TASK DATA:
=-=-=-=-=

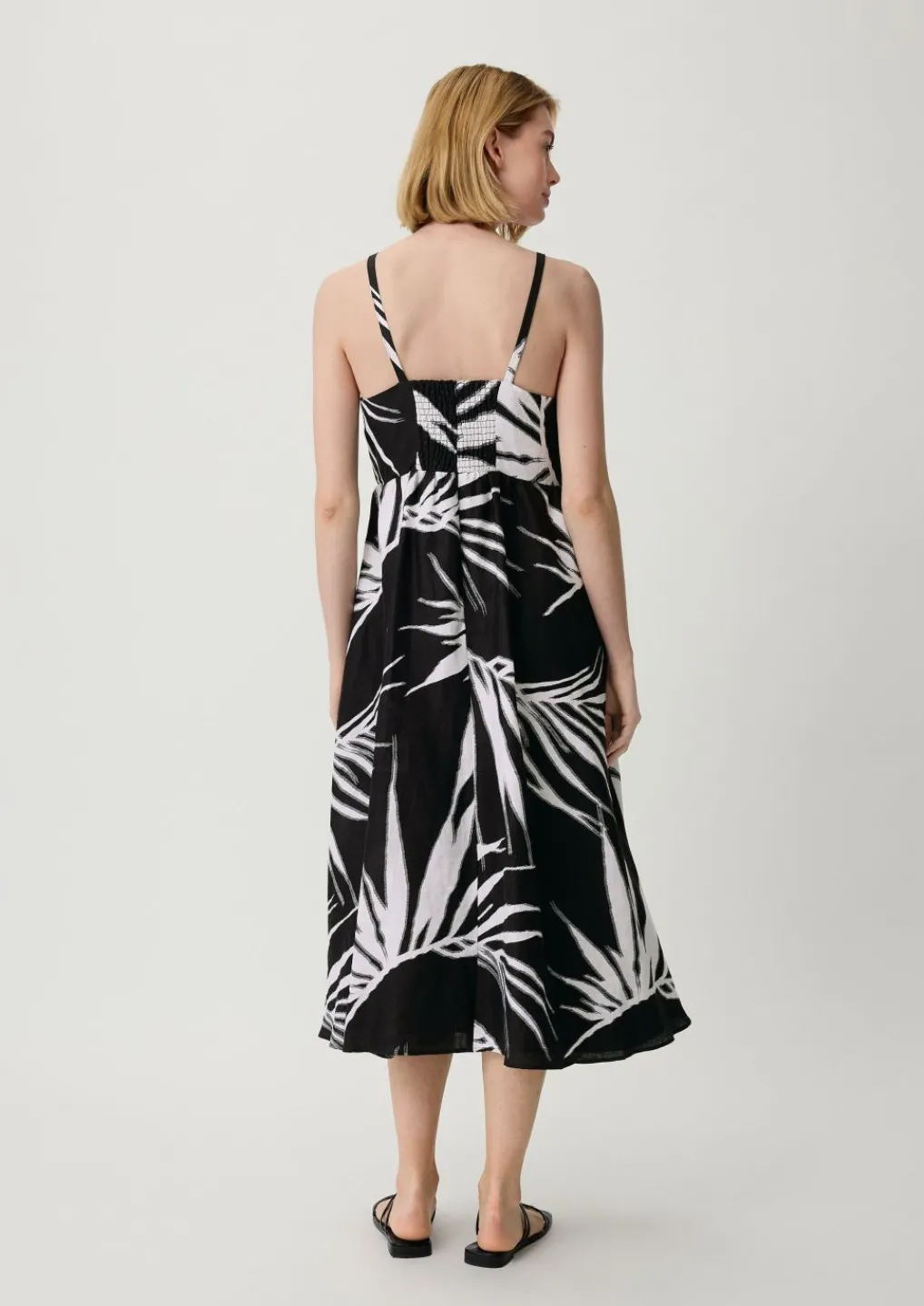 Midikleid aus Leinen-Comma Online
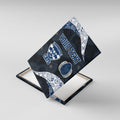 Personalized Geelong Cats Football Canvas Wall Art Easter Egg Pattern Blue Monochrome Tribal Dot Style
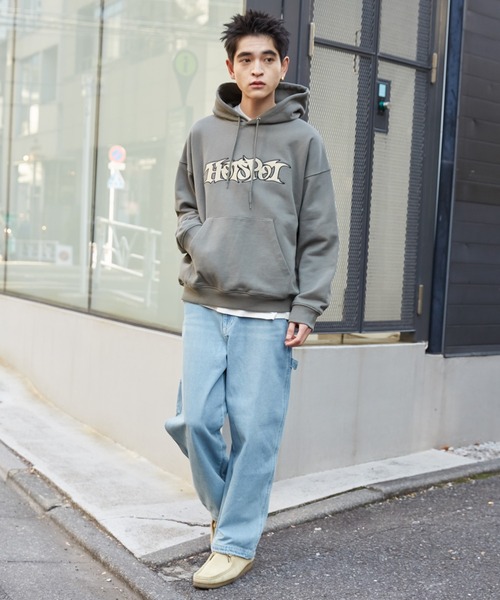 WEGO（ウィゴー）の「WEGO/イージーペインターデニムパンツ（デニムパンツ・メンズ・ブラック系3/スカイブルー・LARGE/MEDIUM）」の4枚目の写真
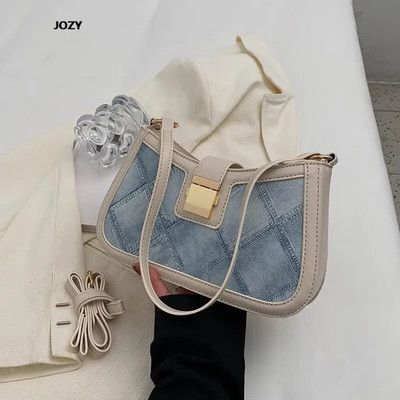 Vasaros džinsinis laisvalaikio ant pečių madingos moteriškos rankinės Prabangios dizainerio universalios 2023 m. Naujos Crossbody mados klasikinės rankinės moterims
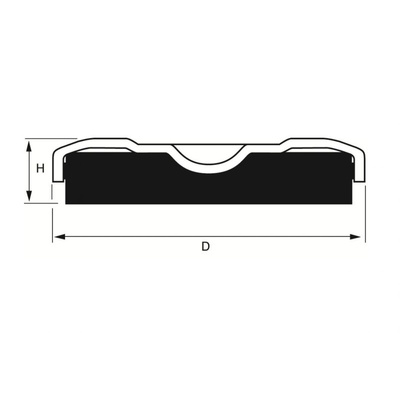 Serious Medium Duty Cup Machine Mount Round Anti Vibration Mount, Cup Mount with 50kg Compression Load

=-=-=-=-=

YOUR OBJECTIVE: Output the span from the line with "WEGO（ウィゴー）の「WE" through the last line of the data, inclusive and exact, and omit every picture.

TASK RESULT:
 WEGO（ウィゴー）の「WEGO/イージーペインターデニムパンツ（デニムパンツ・メンズ・ブラック系3/スカイブルー・LARGE/MEDIUM）」の4枚目の写真
 Vasaros džinsinis laisvalaikio ant pečių madingos moteriškos rankinės Prabangios dizainerio universalios 2023 m. Naujos Crossbody mados klasikinės rankinės moterims
 Serious Medium Duty Cup Machine Mount Round Anti Vibration Mount, Cup Mount with 50kg Compression Load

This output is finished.